The kitchen at the Porch House is one of my favorite rooms that we've ever renovated. I'm pretty sure I say that about every kitchen we do, but this project was definitely special. Not only did we complete the transformation in 16 days (a timeline required by our production company), but we had some great help in the form of talented contractors, learned some new DIY skills, and put in a lot of my dream kitchen finishes. It's a good one guys, and I can't wait to show you the finished space!
But let's start at the beginning. Here's what the kitchen looked like before we got out the sledge hammer.
Not awful, but not exactly a chef's dream. As with most century-old homes, the Porch House kitchen had been previously renovated. The ceilings were dropped to 8' (the rest of the original main floor has 9'), the moldings were stripped, and a back 'storage' room was added on behind the kitchen. The general affect was a blah kitchen that was completely closed off, dark, and anything but inspiring.
Right away we knew this would be a gut remodel because there really wasn't anything to save. And that was okay in my book, because kitchen renovations are my favorite. Plus we intended to flip this property, and kitchens sell homes, so we needed an amazing kitchen.
I will say that for all it's negatives, this kitchen did have one thing going for itself: it's size. For an old house, it was pretty spacious, and right away I saw the potential to enlarge it even more by opening it up to the adjacent storage room (aka future sunroom). The end result would be a bright and family-friendly kitchen/living space, which would surely be the heart of this home.
Modernizing the kitchen was also a top priority, which would entail new electrical, lighting, gas piping, plumbing, appliances, etc. But modern amenities didn't mean I wanted a modern-feeling space; quite the opposite in fact. I'm a firm believer that renovations should fit the vintage and style of a home, so making this kitchen feel like it belonged inside a 1900 farmhouse (while still having all the luxuries of a 2017 kitchen) was the most important goal of the entire renovation. Another design goal was to bring back some of the 'old house charm' found elsewhere in the Porch House, mainly replicating the original chunky moldings and the 9' ceilings.

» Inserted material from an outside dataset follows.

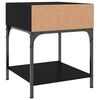 vidaXL Bedside Table Black Engineered wood, Iron Adjustable Feet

If I had to wrap up the kitchen design in a few words, I'd call it a subtle, current, and welcoming space. This room is all about craft, simplicity, and understated elegance, much like these inspiration images:
Pretty, right? Everything feels simple, muted, and vintage, but also well-crafted, fresh, and clean. I decided pretty early on in the design process to nix tiles from this kitchen, opting instead for a marble slab backsplash behind the range and a short 4" marble backsplash everywhere else. There were two reasons for this. First, I wanted to keep the shine and gloss to a minimum so that the crafted elements would stand out. And secondly, with only 16 days to complete the renovation for the cameras, setting and grouting tiles just wasn't in the schedule.

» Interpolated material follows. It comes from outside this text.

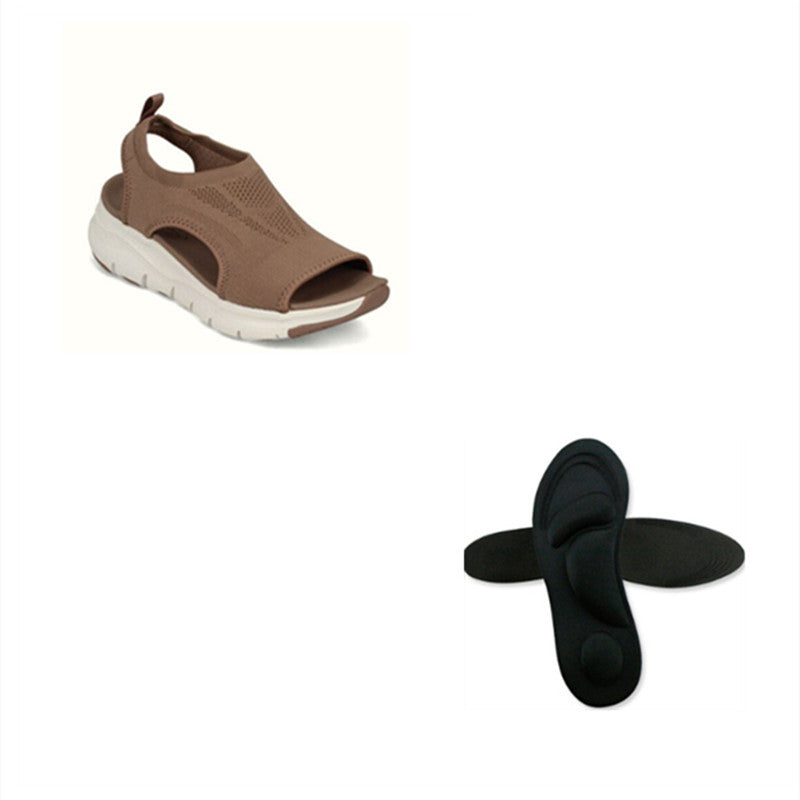 Sommer nye flyvævede sandaler med stor platform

Another major element of the kitchen design, was the use of natural materials. Not only do I always gravitate towards natural materials, but they also lend an authentic and character-rich feel to old spaces that the man-made alternatives just can't compete with. Thus I relied heavily on marble, wood, and brass.
This is what all of that looks like:
I put this board together even before we started demo, and while a couple things changed during the course of construction, it still holds pretty true to the end product. Goodness, I'm dying to show you the 'after' photos! Soon enough. In the meantime, I'll be sharing more about the butcher block countertop and the appliances we picked (with a few sneak peeks of the finished space thrown in)!